8 décembre 2010

Maman

Un kimono de soie rouge, sur ma peau lisse. J’aime cette sensation, je l’aime beaucoup. Et je joue, je joue. Je suis toute nue en dessous. - Les culottes jolies étaient trop grandes. - Je me regarde dans le miroir, j’incline la tête, je me souris. C’est vrai que je suis jolie ! J’entortille une mèche de cheveux sur mon doigt mouillé… Elle fait souvent ça. Et puis j’entrouvre le vêtement qui laisse apparaitre une poitrine bien trop plate, mais c’est normal, j’ai sept ans.

Je m’en fiche, d’abord, parce que je sais que ça viendra. Chaque chose dans son temps, qu’elle dit, maman. Alors j’attends. J’ai plein de jolis habits, même que mes copines sont jalouses. J’ai tout ce que je veux ! Tout tout tout ! Ma tirelire est pleine, mais elle ne fait pas de bruit. Tous les matins, maman elle met un billet dedans. Des billets verts, je sais même pas combien ça fait, puis je n’ai pas le droit de l’ouvrir, le cochon.

J’ai tout ce qui me plait, maman achète des choses que je n’ai même pas le temps de lui demander. Elle est trop forte, maman. J’ai tout, sauf un papa à la maison. Mais c’est parce que mon papa il est explorateur du monde. C’est pour ça qu’il n’est jamais là. Je sais qu’un jour il viendra me chercher pour que je sois aventurière du fond des océans avec lui et qu’on trouvera des trésors que personne ne sait qu’ils sont dans le fond de l’eau.

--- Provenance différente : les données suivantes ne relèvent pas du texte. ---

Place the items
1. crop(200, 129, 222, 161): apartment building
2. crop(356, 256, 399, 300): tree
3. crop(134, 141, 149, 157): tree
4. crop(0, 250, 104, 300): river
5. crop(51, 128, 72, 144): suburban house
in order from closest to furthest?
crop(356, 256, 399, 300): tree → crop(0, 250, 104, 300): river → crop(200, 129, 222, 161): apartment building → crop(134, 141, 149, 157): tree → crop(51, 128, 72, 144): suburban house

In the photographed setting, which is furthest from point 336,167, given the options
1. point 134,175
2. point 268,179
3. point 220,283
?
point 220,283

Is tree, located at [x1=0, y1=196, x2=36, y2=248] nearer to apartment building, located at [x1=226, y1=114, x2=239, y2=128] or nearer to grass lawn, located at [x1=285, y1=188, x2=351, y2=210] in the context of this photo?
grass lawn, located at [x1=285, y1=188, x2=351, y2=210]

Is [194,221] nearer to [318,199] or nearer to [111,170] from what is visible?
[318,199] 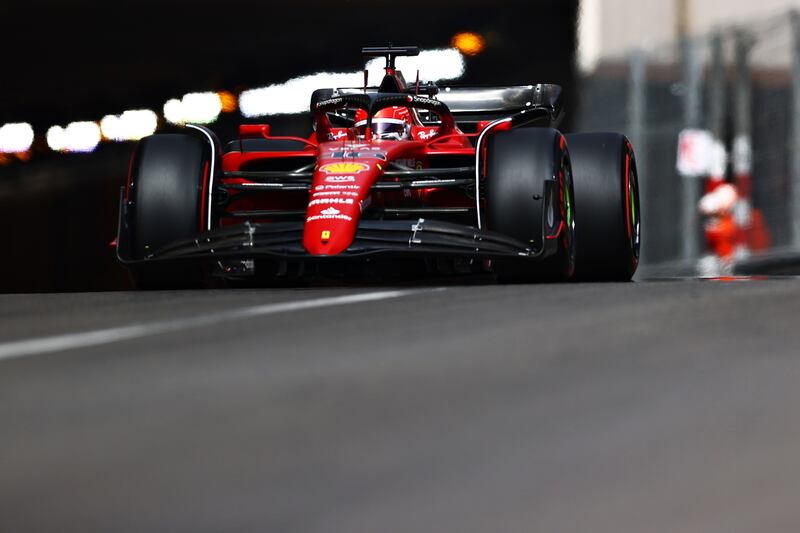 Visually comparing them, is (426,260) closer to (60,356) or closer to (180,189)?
(180,189)

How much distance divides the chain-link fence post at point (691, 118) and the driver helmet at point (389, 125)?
23.8 feet

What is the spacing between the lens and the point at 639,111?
1447cm

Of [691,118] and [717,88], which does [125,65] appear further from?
[717,88]

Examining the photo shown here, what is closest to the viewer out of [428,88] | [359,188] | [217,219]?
[359,188]

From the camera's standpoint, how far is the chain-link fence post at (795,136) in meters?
13.8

Et on sera riches ! Et papa il n’aura plus besoin de faire l’explorateur et il reviendra vivre avec maman. Et ouais ! Et ça, ce sera grâce à moi ! Puis je lui rendrai son mouchoir aussi, celui avec le latin qui dit ce qu’il est. Ex Libris, c’est marqué dessus. - Explorateur Libre. - Je l’ai trouvé dans le fond du tiroir de maman, celui où qu’elle met les trucs qu’on ne touche pas parce que c’est vieux, ou pas beau, ou que c’est un souvenir qu’on aime beaucoup. Ça, elle l’aime. Je le sais.

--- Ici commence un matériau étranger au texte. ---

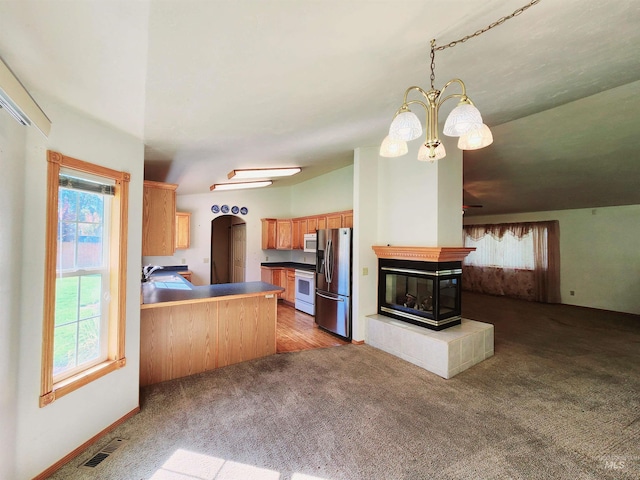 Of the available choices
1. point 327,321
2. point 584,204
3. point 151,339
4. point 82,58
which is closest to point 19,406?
point 151,339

 Le matin, après qu’elle a mis les sous, maman va se coucher. Elle part toujours quand je me suis endormie et revient quand je me lève. Tout pile. Elle est douée, maman. Le matin, faut pas trop lui parler parce que comme elle piétine tout plein, elle a mal aux pieds et ça lui fait mal dans le haut des jambes. Et puis son maquillage - parce qu’elle se maquille, maman, et bien !- ben son maquillage, il a tout coulé. Et elle va se coucher comme ça, toute habillée dans ses vêtements de la nuit.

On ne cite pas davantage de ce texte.